Herren also wrote that removing voters from the rolls within 90 days of an election appears to violate a federal voting law. Florida's primary election is Aug. 14.
The letter gave Florida until this Wednesday to tell federal authorities if the state plans to halt the purge.
Even before the Justice Department's letter, the state's purge had come under fire from elections supervisors of both parties, as well as Democratic members of Congress and voting rights groups.
Six Democratic members of Congress called on Scott to suspend the purge. They sent a letter to Scott questioning the timing and the accuracy of the effort to purge voters identified as non U.S. citizens.

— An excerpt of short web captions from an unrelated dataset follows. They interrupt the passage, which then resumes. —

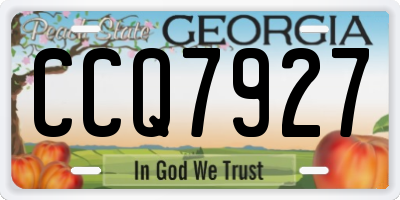 GA license plate CCQ7927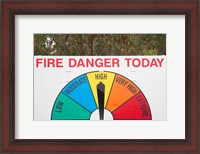 Framed Fire Danger Warning Sign, Queensland, Australia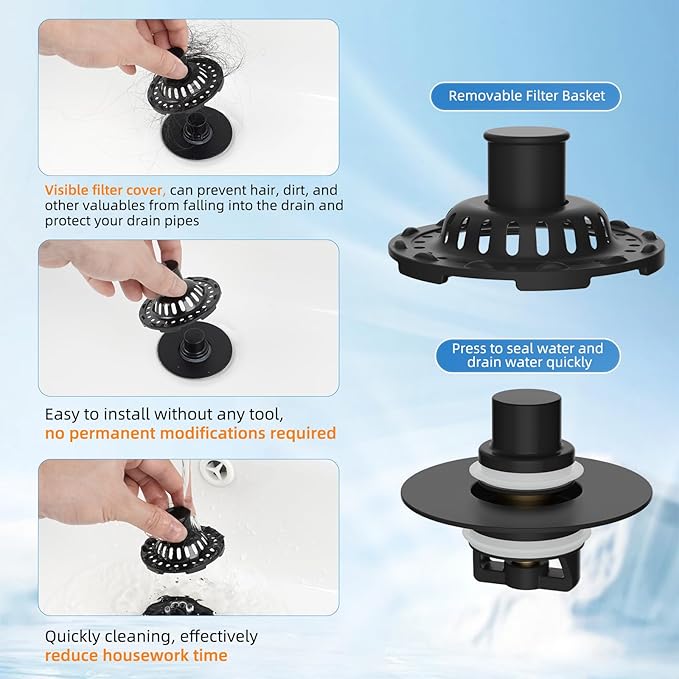 2PACK Universal Bathtub Drain Stopper Shower Hair Catcher Bathroom Sink Strainer, Tub Stopper with Visible Top Strainer, Brass Metal 3 in 1 Pop-up Stopper for Standard 1.1''~2.36'' Hole, Matte Black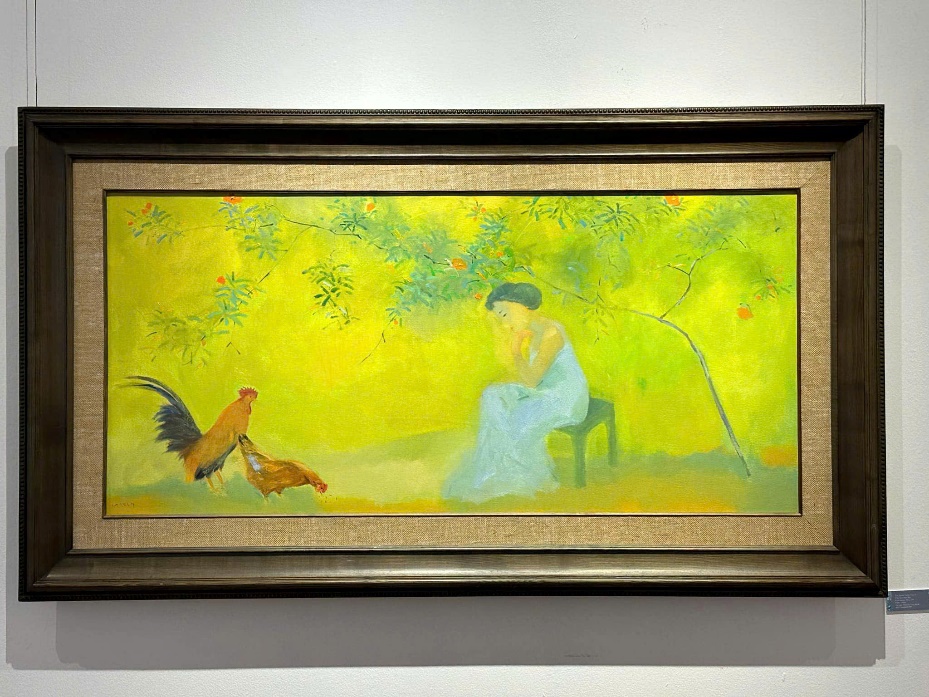 A painting of a person and a roosterDescription automatically generated
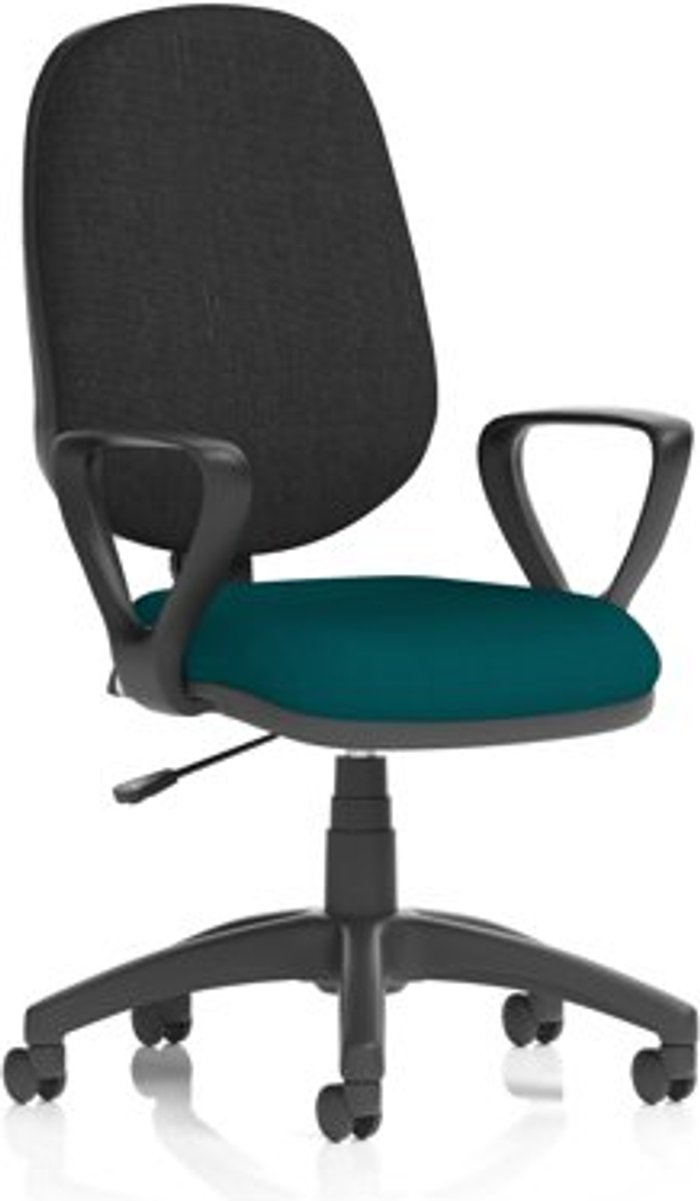 Office Monster | Eclipse I Eclipse I Lever Task Operator Chair Black Back Bespoke Seat With Loop Arms In Teal Eclipse I Eclipse I Lever Task Operator Chair Black Back Bespoke Seat With Loop Arms In Teal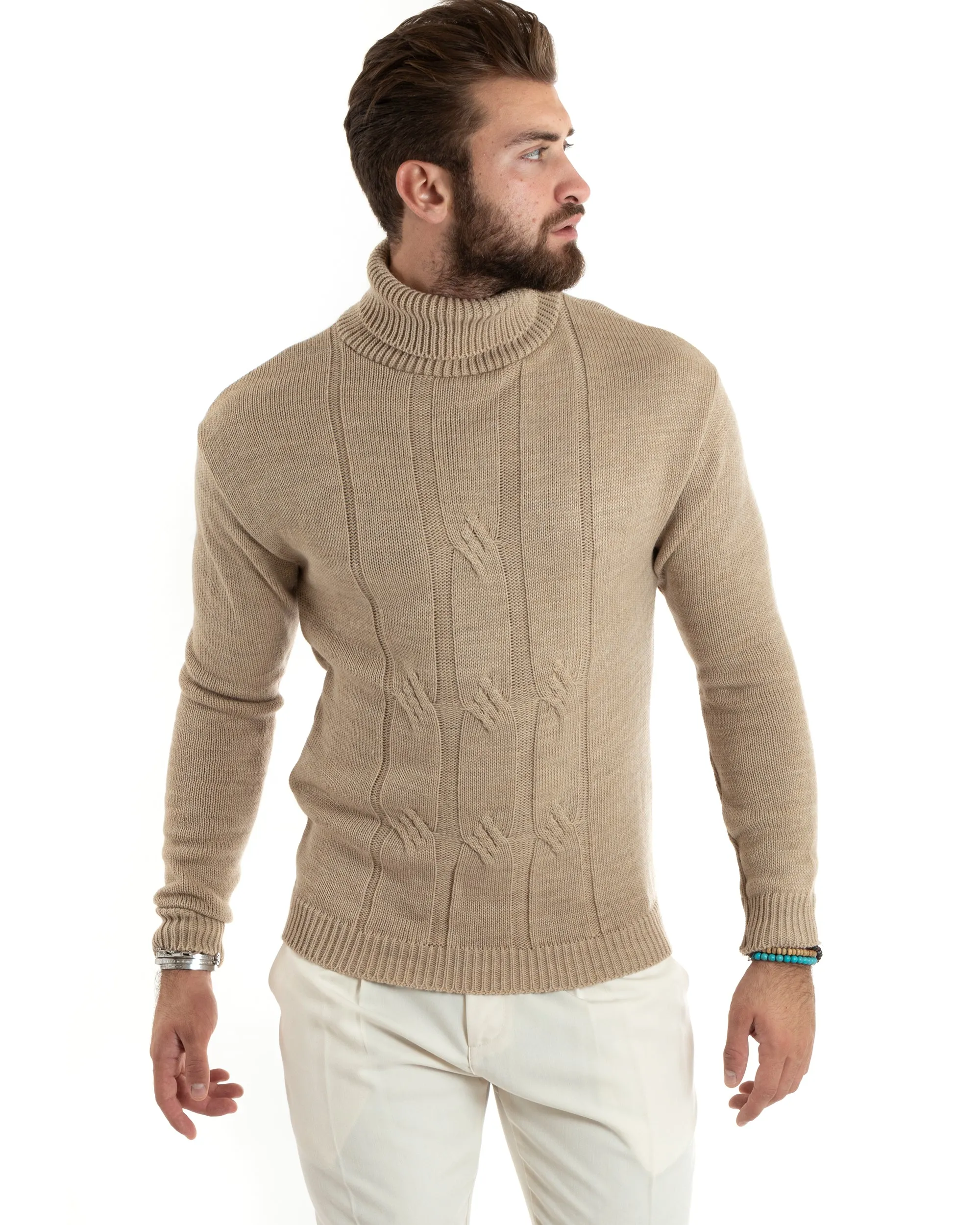 Maglioncino Uomo Collo Alto Maglia Inglese Con Trecce Beige Pullover Dolcevita GIOSAL-M2724A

The state has already put out an initial list of more than 2,600 people identified as non-U.S. citizens. But local election officials charged with checking the list have discovered errors.
State election officials have compared driver's licenses with voter registration data and found that as many as 182,000 registered voters are eligible to be in the country but ineligible to vote.
Congressman Alcee Hastings of Miramar and Congresswoman Frederica Wilson of Miami were among those signing the letter. The others are U.S. Reps. Corrine Brown, Kathy Castor, Ted Deutch and Debbie Wasserman Schultz, chairwoman of the Democratic National Committee.
The NAACP, meanwhile, joined criticism of the purge and commended the Department of Justice for demanding that it be halted.
“The action of the Department of Justice to stop Florida’s illegal voter purge preserves the rights of citizens to register, remain on the rolls, and cast a ballot that gets counted on Election Day,” said Florida State Conference President Adora Obi Nweze in a statement.
NAACP national president/CEO Benjamin Todd Jealous described the purge as “an example of the extremist state officials’ relentless attack on voting rights.”
South Florida Times staff contributed to this report.